• [Exercise goal]:
Copy nothing but the lines below running from the line containing "Ideal para una" through the line containing "Used 2022 Alfa", both end lines included.

(Dataset excerpts)
◇ ◇ ◇ ◇

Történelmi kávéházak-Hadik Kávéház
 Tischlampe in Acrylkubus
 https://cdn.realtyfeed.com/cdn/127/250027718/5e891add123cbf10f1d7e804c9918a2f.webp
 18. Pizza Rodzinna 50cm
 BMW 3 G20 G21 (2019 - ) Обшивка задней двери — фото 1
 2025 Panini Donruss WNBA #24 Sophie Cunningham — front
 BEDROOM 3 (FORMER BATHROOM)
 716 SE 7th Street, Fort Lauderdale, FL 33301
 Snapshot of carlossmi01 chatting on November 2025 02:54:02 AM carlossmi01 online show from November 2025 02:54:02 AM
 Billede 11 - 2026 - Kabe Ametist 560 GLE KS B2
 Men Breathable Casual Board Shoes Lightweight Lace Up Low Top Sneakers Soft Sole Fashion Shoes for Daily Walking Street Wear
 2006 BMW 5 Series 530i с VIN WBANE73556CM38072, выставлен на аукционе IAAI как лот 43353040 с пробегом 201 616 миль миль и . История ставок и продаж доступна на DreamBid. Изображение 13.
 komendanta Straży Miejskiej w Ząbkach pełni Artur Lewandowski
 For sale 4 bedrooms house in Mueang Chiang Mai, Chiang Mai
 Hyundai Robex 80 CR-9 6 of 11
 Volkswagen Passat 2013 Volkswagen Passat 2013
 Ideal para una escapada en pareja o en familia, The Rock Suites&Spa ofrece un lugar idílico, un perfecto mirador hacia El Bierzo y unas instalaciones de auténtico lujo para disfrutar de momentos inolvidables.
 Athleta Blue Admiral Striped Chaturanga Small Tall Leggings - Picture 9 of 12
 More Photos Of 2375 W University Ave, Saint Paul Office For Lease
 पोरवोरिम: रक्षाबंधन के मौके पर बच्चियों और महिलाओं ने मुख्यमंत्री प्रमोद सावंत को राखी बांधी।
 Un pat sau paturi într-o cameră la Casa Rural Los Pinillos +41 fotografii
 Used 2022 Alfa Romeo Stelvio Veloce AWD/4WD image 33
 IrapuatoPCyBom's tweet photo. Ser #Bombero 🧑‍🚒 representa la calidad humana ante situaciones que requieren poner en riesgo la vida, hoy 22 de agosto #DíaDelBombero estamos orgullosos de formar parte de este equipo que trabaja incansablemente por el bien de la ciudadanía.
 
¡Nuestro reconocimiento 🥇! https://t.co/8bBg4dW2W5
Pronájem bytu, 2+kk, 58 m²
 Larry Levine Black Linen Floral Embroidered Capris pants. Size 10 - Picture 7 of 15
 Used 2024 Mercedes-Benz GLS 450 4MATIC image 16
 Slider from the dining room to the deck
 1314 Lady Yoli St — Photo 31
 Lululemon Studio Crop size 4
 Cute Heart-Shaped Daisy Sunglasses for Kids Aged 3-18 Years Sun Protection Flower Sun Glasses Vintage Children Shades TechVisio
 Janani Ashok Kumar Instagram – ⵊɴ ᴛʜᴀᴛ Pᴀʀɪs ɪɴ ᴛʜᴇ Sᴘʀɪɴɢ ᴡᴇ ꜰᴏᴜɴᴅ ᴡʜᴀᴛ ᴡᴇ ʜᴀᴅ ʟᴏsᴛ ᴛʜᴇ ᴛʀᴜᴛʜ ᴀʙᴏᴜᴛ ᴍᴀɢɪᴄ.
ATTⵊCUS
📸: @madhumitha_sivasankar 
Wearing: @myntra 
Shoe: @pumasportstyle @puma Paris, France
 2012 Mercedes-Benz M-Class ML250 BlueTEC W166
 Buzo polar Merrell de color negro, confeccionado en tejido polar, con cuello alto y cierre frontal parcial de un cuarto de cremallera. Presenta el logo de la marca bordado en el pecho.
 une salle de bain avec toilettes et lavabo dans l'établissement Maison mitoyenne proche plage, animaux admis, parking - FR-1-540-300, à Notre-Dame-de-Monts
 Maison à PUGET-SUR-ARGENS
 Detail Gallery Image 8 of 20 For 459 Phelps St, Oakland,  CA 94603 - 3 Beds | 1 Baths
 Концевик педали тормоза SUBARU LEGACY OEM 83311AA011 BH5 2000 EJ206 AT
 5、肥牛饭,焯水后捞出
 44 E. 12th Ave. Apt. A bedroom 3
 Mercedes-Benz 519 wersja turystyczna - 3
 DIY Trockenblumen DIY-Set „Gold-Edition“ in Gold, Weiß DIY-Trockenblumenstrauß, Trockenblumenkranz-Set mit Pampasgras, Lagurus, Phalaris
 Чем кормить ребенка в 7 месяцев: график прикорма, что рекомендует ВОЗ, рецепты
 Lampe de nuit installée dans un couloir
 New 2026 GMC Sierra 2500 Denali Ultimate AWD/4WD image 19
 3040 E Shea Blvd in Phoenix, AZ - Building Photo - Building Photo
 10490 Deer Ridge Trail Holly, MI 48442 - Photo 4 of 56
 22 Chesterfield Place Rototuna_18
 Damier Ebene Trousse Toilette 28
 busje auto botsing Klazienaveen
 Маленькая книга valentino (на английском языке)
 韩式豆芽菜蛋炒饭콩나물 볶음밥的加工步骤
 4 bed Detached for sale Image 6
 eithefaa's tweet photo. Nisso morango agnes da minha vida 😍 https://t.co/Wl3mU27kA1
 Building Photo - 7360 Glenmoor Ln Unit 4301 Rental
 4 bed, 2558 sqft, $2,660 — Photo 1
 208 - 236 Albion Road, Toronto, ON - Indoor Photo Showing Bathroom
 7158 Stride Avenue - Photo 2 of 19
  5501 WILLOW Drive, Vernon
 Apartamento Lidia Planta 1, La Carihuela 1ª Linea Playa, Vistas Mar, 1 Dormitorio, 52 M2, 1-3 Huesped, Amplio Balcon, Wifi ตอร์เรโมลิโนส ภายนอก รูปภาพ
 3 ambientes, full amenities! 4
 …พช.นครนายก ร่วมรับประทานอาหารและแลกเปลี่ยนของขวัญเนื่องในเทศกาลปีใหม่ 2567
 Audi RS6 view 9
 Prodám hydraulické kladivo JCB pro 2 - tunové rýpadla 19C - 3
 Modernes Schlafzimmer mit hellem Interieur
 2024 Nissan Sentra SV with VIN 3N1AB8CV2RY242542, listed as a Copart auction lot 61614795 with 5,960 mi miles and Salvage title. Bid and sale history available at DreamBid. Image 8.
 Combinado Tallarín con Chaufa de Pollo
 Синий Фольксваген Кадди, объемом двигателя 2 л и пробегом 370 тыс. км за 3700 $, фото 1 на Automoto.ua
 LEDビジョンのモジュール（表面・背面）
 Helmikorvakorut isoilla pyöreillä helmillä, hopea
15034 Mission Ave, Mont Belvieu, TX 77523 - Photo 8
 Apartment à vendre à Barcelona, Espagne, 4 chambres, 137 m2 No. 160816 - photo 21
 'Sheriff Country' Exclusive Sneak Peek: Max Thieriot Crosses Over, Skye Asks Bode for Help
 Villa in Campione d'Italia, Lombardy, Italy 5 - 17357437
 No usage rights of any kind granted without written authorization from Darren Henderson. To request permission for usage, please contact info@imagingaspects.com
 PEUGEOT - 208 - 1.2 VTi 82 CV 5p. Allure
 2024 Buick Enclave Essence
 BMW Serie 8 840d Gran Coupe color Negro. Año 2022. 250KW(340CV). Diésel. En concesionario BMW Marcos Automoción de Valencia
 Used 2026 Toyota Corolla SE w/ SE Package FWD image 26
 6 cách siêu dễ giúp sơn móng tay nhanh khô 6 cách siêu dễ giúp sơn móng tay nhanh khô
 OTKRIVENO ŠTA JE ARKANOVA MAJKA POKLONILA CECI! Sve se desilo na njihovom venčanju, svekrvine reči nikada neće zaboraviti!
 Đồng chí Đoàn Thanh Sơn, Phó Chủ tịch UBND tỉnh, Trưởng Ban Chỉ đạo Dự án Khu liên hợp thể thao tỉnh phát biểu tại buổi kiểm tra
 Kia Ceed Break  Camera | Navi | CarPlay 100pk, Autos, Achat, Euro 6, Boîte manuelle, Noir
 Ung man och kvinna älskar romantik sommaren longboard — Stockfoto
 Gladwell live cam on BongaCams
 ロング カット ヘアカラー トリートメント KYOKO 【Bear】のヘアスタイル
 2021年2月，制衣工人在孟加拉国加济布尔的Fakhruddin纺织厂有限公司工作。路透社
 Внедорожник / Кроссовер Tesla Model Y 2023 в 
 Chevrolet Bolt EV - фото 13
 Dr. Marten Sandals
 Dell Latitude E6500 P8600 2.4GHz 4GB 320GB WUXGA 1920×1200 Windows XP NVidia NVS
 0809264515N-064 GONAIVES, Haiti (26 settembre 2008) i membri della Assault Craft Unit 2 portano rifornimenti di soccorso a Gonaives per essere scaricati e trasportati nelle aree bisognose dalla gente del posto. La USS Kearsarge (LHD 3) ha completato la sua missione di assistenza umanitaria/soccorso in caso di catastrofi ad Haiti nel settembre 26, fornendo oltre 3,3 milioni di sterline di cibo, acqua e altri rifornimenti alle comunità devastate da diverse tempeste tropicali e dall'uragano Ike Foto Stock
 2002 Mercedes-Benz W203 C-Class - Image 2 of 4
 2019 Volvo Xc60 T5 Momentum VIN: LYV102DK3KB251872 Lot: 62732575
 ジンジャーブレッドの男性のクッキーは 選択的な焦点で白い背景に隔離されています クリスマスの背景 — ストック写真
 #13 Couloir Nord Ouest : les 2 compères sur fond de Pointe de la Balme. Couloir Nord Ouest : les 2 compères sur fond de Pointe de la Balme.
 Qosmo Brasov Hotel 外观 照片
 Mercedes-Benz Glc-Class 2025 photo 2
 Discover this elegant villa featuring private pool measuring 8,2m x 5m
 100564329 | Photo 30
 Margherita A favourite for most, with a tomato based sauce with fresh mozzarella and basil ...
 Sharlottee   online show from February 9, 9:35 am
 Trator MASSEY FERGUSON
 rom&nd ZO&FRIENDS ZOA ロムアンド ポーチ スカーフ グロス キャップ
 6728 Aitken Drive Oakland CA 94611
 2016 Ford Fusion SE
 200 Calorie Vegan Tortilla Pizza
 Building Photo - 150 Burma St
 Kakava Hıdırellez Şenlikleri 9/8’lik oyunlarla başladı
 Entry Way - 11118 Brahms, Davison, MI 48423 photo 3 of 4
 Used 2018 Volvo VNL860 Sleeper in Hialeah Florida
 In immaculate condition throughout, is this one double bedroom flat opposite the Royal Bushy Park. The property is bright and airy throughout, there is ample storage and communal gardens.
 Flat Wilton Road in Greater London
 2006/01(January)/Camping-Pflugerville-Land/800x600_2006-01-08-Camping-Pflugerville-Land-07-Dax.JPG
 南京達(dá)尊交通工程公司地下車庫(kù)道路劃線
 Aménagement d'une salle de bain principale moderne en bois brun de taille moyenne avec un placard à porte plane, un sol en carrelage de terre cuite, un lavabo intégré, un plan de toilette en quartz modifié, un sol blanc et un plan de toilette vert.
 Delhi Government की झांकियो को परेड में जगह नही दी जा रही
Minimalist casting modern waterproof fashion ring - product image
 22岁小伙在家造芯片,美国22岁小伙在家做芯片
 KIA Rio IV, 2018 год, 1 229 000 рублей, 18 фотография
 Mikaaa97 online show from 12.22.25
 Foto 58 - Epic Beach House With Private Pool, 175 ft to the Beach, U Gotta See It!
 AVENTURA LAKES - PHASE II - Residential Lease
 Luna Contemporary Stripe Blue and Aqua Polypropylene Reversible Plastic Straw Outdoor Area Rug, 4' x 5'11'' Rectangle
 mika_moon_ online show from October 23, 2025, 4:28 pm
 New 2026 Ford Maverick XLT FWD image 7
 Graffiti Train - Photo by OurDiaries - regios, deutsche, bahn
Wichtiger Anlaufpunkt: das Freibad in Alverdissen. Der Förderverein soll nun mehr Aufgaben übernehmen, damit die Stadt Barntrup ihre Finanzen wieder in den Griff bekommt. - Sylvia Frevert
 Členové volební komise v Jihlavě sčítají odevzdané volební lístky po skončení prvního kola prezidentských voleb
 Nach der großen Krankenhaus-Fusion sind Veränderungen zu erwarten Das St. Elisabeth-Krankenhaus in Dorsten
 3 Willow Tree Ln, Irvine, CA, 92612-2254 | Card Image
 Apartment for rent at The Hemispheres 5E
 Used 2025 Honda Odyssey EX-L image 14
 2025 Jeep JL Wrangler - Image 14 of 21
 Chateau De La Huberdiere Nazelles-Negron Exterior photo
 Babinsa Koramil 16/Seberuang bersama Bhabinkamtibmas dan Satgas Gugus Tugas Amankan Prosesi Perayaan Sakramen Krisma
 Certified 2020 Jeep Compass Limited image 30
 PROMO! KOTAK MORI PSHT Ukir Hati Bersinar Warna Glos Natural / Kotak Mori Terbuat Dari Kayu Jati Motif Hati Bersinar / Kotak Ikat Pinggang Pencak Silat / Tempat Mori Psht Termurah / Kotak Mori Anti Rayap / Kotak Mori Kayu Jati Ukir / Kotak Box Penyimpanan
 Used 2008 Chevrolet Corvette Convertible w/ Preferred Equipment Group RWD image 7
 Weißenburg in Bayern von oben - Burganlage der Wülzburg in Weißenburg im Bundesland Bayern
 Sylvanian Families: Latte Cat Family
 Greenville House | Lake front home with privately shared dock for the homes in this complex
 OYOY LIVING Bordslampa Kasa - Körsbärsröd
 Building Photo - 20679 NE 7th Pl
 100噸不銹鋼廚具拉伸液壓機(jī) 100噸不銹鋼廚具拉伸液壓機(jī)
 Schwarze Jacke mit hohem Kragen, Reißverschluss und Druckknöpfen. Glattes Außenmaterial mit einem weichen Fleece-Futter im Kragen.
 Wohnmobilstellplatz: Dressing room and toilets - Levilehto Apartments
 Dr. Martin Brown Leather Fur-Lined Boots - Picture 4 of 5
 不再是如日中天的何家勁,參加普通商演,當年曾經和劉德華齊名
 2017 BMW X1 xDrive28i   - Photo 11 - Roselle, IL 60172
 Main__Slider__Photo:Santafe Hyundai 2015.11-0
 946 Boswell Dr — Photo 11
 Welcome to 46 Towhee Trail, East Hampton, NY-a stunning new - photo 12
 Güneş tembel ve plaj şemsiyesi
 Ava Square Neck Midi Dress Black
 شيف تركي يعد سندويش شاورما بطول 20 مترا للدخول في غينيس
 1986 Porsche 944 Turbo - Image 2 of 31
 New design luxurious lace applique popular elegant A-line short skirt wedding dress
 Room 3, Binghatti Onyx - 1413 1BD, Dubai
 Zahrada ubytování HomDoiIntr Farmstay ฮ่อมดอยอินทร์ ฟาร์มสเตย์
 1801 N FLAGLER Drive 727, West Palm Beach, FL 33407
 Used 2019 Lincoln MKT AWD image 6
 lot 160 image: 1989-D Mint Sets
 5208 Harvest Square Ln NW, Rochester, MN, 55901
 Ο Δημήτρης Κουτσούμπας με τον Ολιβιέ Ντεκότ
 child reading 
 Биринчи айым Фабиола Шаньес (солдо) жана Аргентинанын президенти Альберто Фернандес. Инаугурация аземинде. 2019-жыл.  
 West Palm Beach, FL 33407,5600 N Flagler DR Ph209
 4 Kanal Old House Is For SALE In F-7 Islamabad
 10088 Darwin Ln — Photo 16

◇ ◇ ◇ ◇

• [Completed task]:
 Ideal para una escapada en pareja o en familia, The Rock Suites&Spa ofrece un lugar idílico, un perfecto mirador hacia El Bierzo y unas instalaciones de auténtico lujo para disfrutar de momentos inolvidables.
 Athleta Blue Admiral Striped Chaturanga Small Tall Leggings - Picture 9 of 12
 More Photos Of 2375 W University Ave, Saint Paul Office For Lease
 पोरवोरिम: रक्षाबंधन के मौके पर बच्चियों और महिलाओं ने मुख्यमंत्री प्रमोद सावंत को राखी बांधी।
 Un pat sau paturi într-o cameră la Casa Rural Los Pinillos +41 fotografii
 Used 2022 Alfa Romeo Stelvio Veloce AWD/4WD image 33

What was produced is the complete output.